1. #1
    str8chedda
    str8chedda's Avatar Become A Pro!
    Join Date: 01-25-10
    Posts: 16

    sample size and confidence interval/level for a system

    have been an avid sports bettor for about a year and finally decided to try and actually try and come up with my first system. I was wondering what most of you successful/semi-successful cappers have to be hitting and at what confidence level/interval before you try a system. i recently found a system for NBA that would have hit 65% over an 74 game sample this year. i realize that 65% is not realistically sustainable in the long run and my sample size is not that large, so I ran some confidence intervals on it and came up with this:

    for an 74 game sample that hit 65% ATS:

    99% sure that the true % it hit is between 49.30% and 78.47%.
    95% sure that the true % it hit is between 52.89% and 75.61%.
    90% sure that the true % it hit is between 54.73% and 74.08%.
    85% sure that the true % it hit is between 55.92% and 73.06%.
    80% sure that the true % it hit is between 56.84% and 72.27%.

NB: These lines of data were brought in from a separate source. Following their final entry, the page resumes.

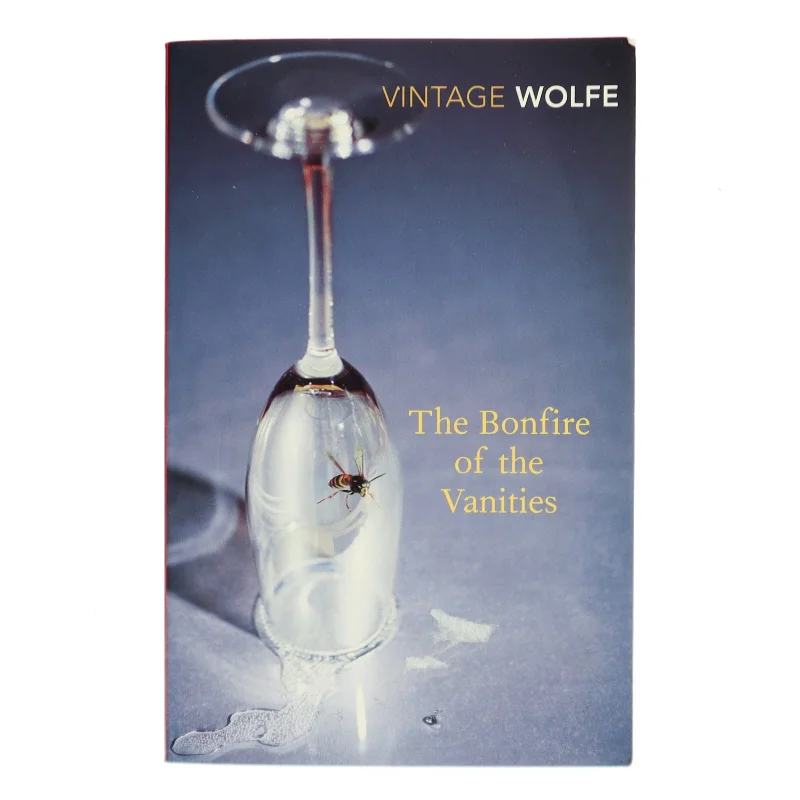 The Bonfire of the Vanities af Tom Wolfe (Bog)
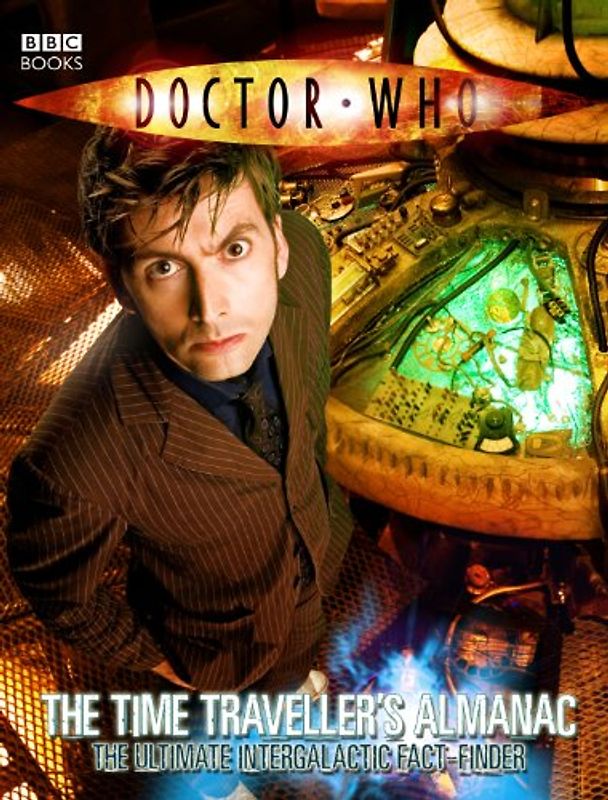 Doctor Who: The Time Traveller's Almanac - Steve Tribe [Hardcover]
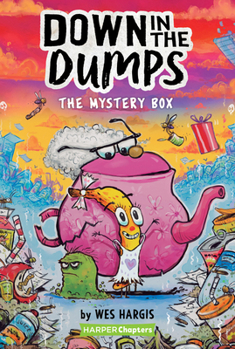 Down in the Dumps #1: The Mystery Box - Book #1 of the Down in the Dumps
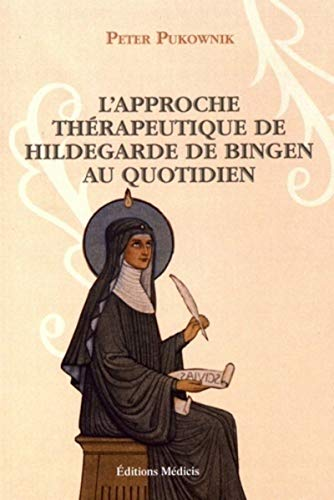 L'approche thérapeutique de Hildegarde de Bingen au quotidien
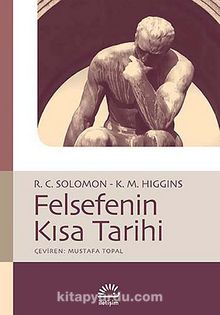 Felsefenin Kısa Tarihi - Robert C. Solomon
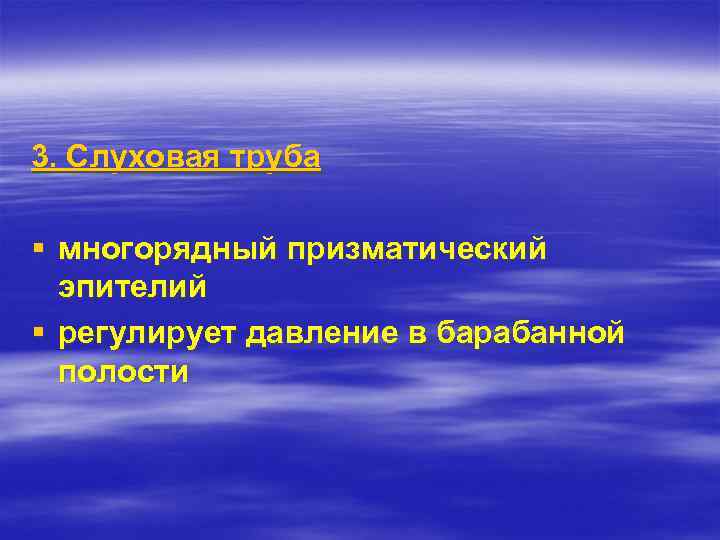 3. Слуховая труба § многорядный призматический эпителий § регулирует давление в барабанной полости 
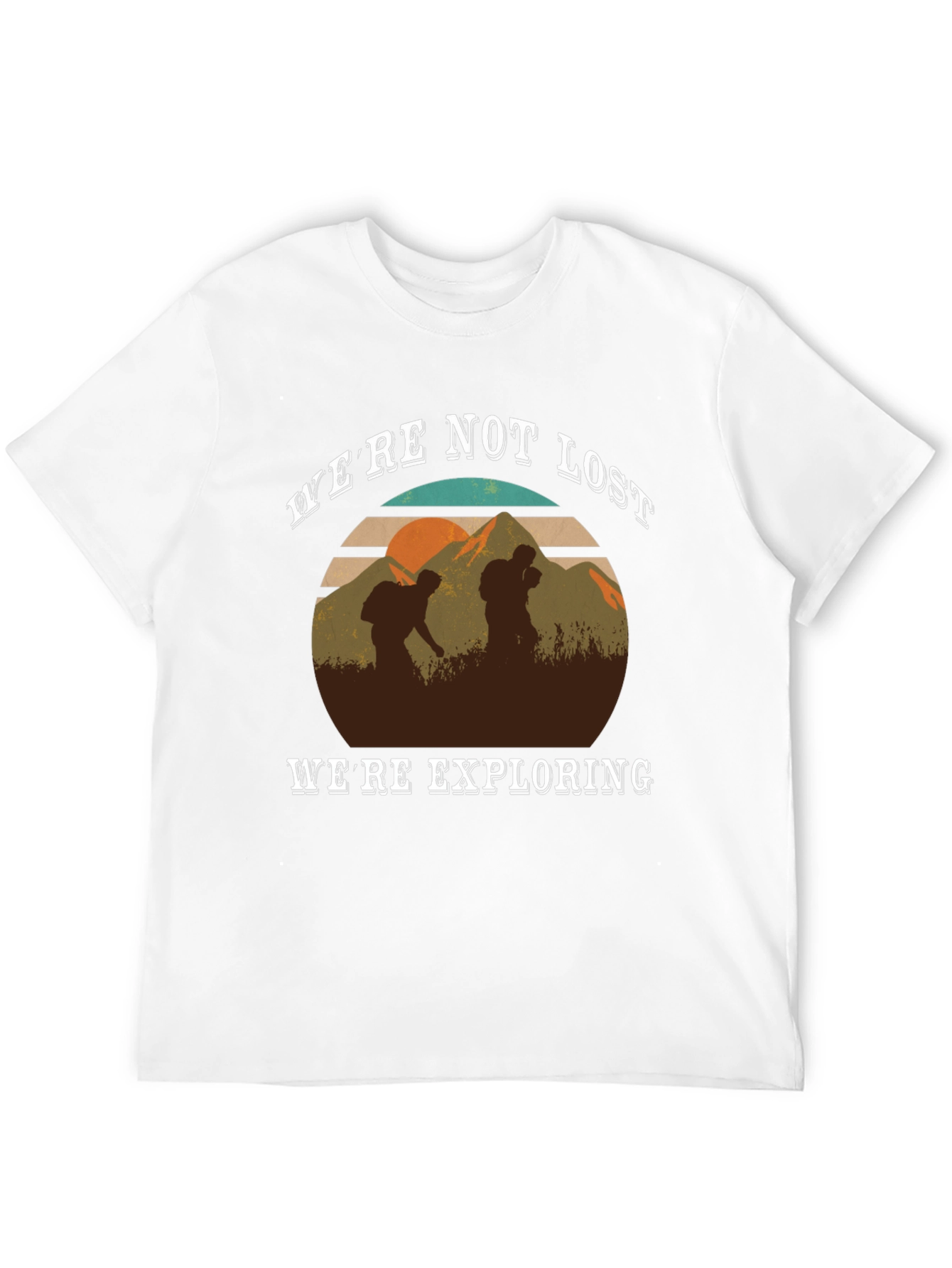 Were Not Lost Were Exploring T-Shirt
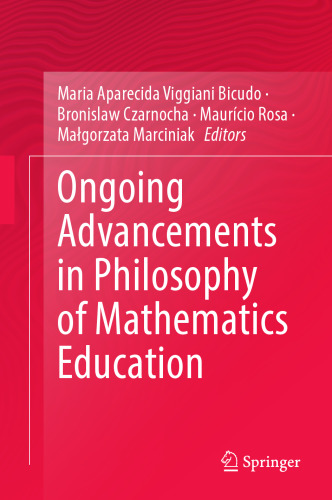 Ongoing Advancements in Philosophy of Mathematics Education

    basically, what I am asking is what is a good confidence level (the first %) and what should my lower end of my interval (second %) be before I should actually put the system to test. not a trial and error person, since I bet about 1k per game on average so I like to be pretty confident (if that changes anything).
    Last edited by str8chedda; 03-09-10 at 01:46 PM.

  2. #2
    Peregrine Stoop
    Peregrine Stoop's Avatar Become A Pro!
    Join Date: 10-23-09
    Posts: 869
    Betpoints: 779

    first, I would go back and see how your system did in previous years
    you might just have lucked into a winning subset this year due to datamining

  3. #3
    sharpcat
    sharpcat's Avatar Become A Pro!
    Join Date: 12-19-09
    Posts: 4,516

    Out of 74 games a winning percent of 65% has roughly a 1-100 rarity of occurrence meaning that out of a study of 100 systems of the same sample size you are likely to come across at least 1 random occurrence like this, which is good but not exactly flawless. I would recommend digging back to prior seasons and developing a larger sample size to insure that your 65% win ratio is consistent. Also if while you were studying this system you made any adjustments due to any additional trends you may have noticed you would have to discard all of the games that you used for the original system and start over with new games because the previous games you had tested are now tainted.

  4. #4
    BigdaddyQH
    BigdaddyQH
    BigdaddyQH's Avatar Become A Pro!
    Join Date: 07-13-09
    Posts: 19,530
    Betpoints: 8638

    I agree with the other posters. Your sample is way too small. Normally, 5 years is needed to validate any system. 74 games is basically a drop in the bucket.

  5. #5
    str8chedda
    str8chedda's Avatar Become A Pro!
    Join Date: 01-25-10
    Posts: 16

    peregrine, yea that is my next step in the process, havn't had much time to do it yet.

    bigdaddyqh, sample size issues are built in to the math behind confidence intervals. no matter the sample size there is a low end to the interval at a specific confidence level. a system tested on a 75 game sample can have the same likely hood of being profitable as a system tested on a 750 game sample at certain levels of confidence and different % hit rates. so by the looks of it you guys would agree that i would need like a 55%+ at a confidence level of like 99.5%?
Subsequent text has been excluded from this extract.